(Pictures with short captions)
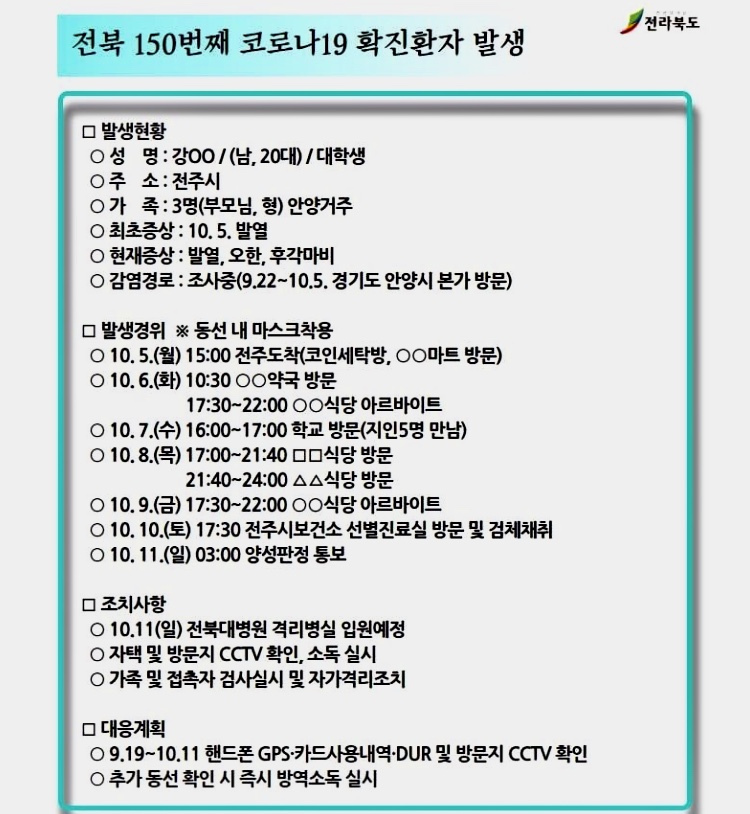  전주 53번째 전북 150번째 확진자 이동동선(feat.소몽)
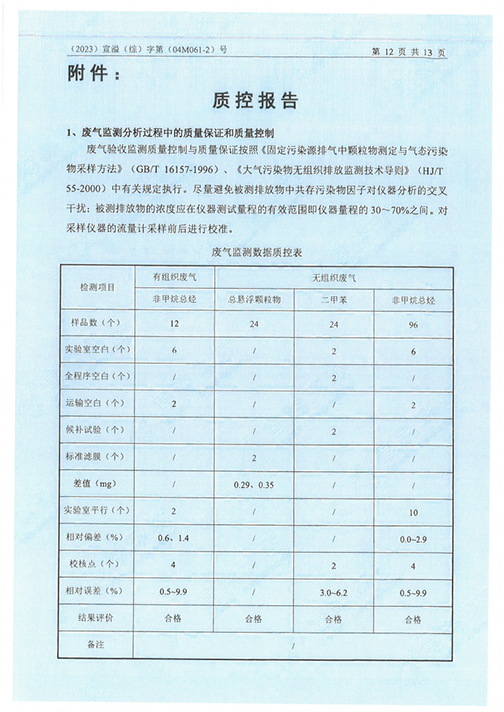 世搏体育(科技)有限公司（江苏）变压器制造有限公司验收监测报告表_55.png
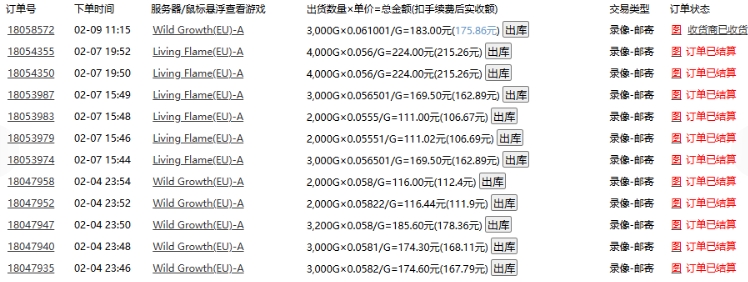 老款游戏全自动打金搬砖,单号一天收益2张左右,多号操作每天轻松日入多张【揭秘】-小鸿资源库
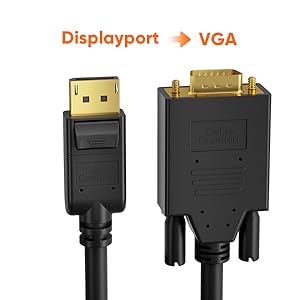 Displayport to VGA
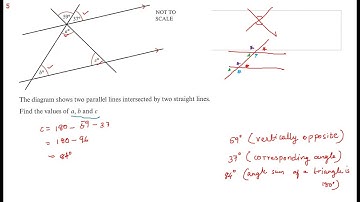 The diagram shows two parallel lines intersected by two straight lines. Find the values of a,b and c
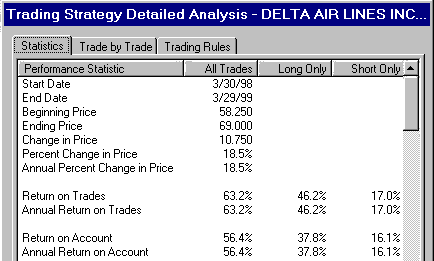 Статистические показатели торговой стратегии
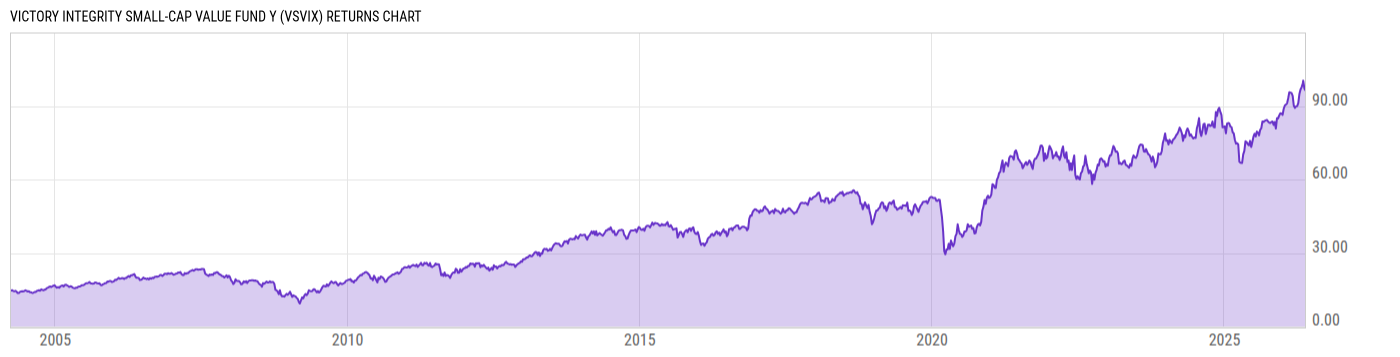 Returns Chart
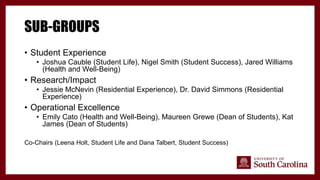 SUB-GROUPS
• Student Experience
• Joshua Cauble (Student Life), Nigel Smith (Student Success), Jared Williams
(Health and Well-Being)
• Research/Impact
• Jessie McNevin (Residential Experience), Dr. David Simmons (Residential
Experience)
• Operational Excellence
• Emily Cato (Health and Well-Being), Maureen Grewe (Dean of Students), Kat
James (Dean of Students)
Co-Chairs (Leena Holt, Student Life and Dana Talbert, Student Success)
 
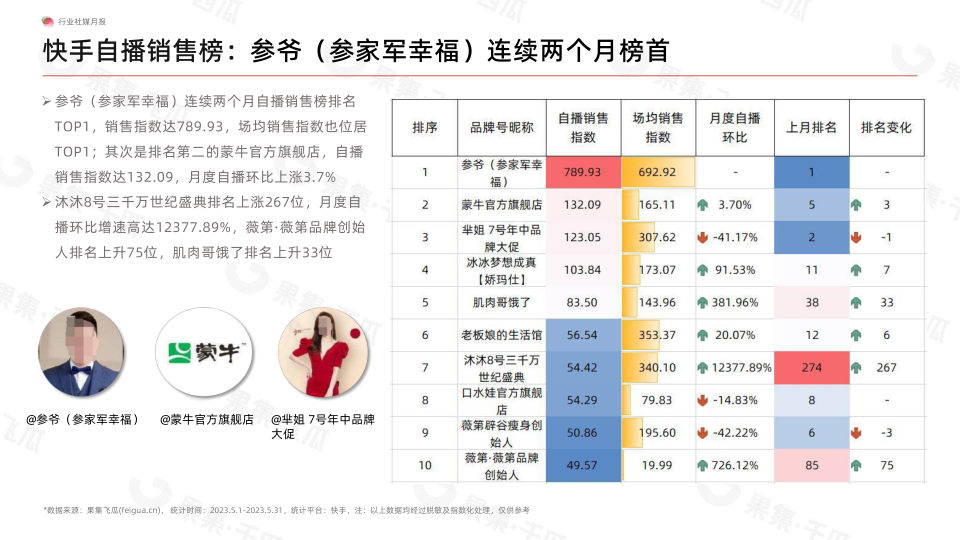 报告页面16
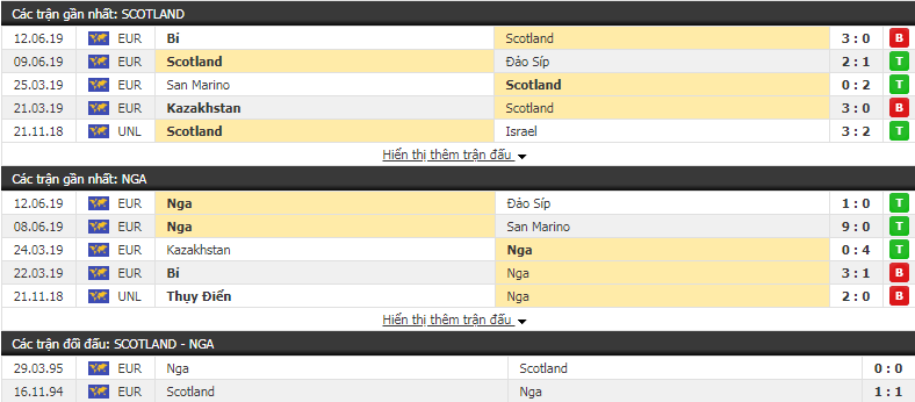 Nhận định Scotland vs Nga 01h45, ngày 07/9 (vòng bảng VL Euro 2020)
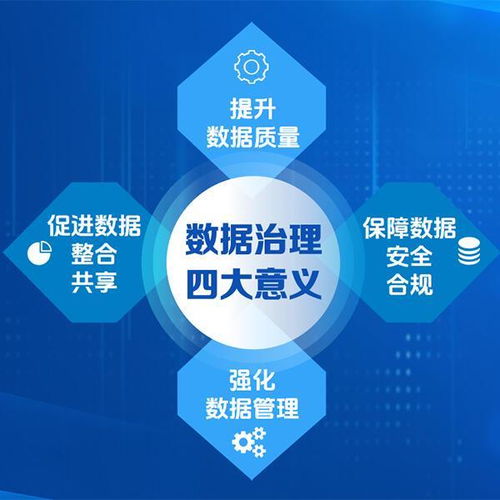 數據治理新路徑 五度易鏈的六大核心價值、五大行業案例與數據處理服務實踐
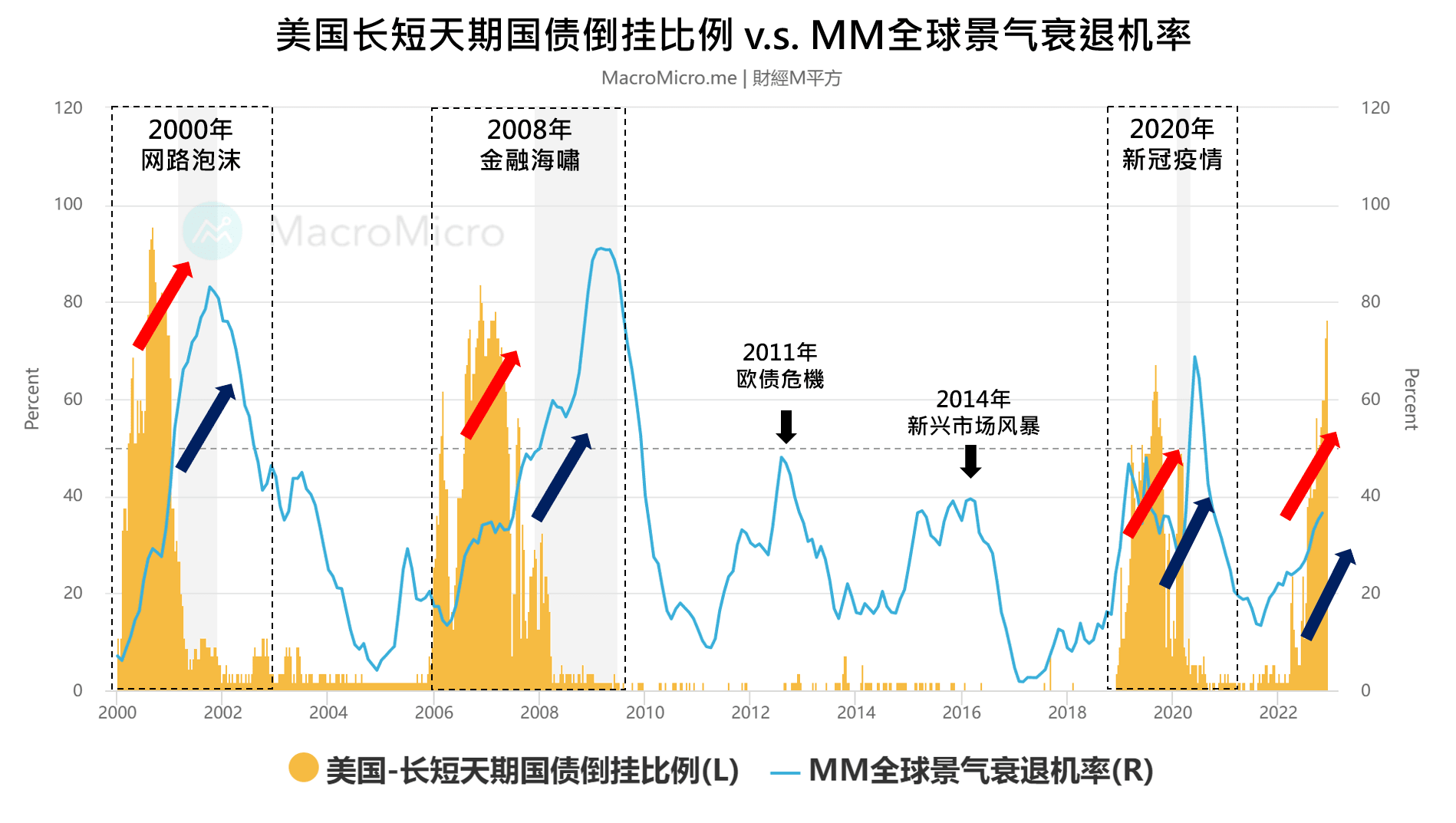 关键图表】从美国国债收益率倒挂看全球经济衰退| MacroMicro 财经M平方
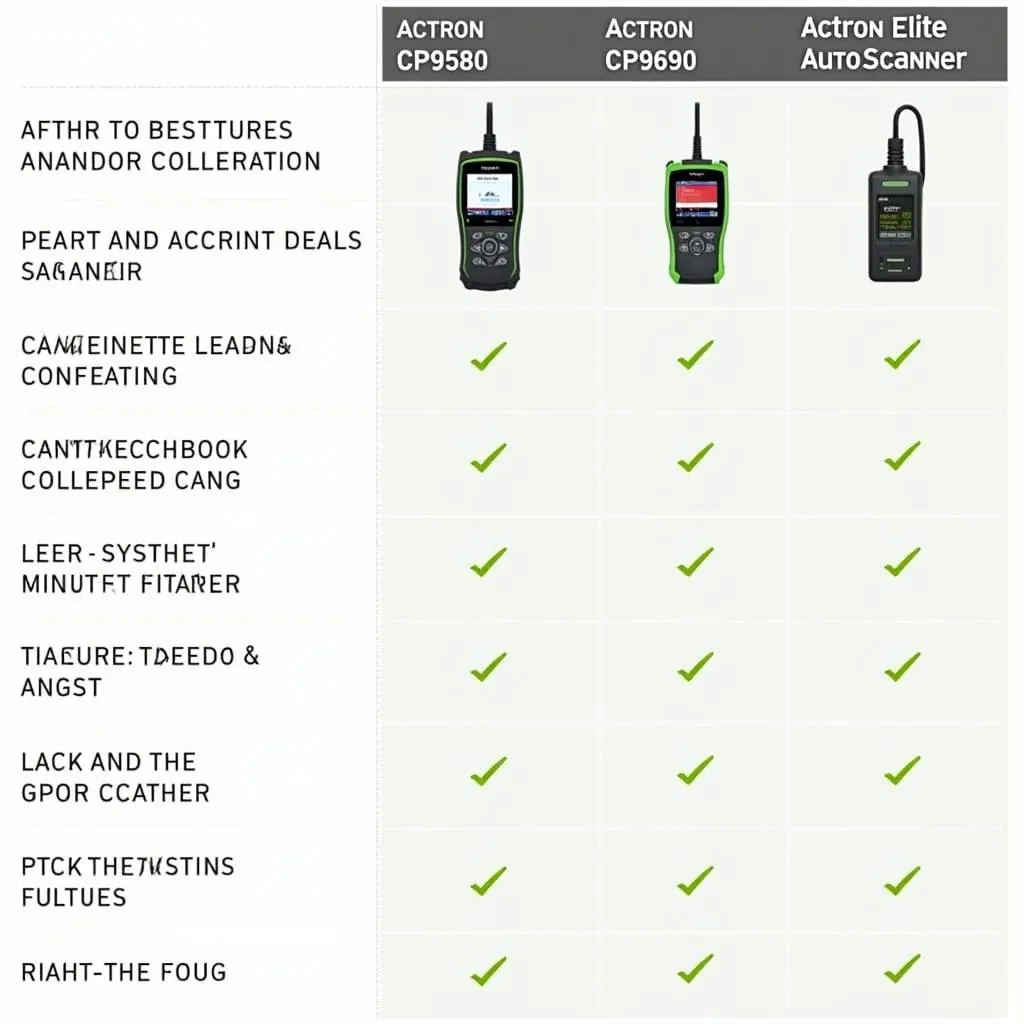 Actron scan tool models comparison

§ **What you are asked to do**
Extract, character for character, every line from the one that holds "James (Dean of Students)" through the end of the entries above. Include both boundary lines and no pictures.

§ **Result**
James (Dean of Students)
Co-Chairs (Leena Holt, Student Life and Dana Talbert, Student Success)
 
 报告页面16
 Nhận định Scotland vs Nga 01h45, ngày 07/9 (vòng bảng VL Euro 2020)
 數據治理新路徑 五度易鏈的六大核心價值、五大行業案例與數據處理服務實踐
 关键图表】从美国国债收益率倒挂看全球经济衰退| MacroMicro 财经M平方
 Actron scan tool models comparison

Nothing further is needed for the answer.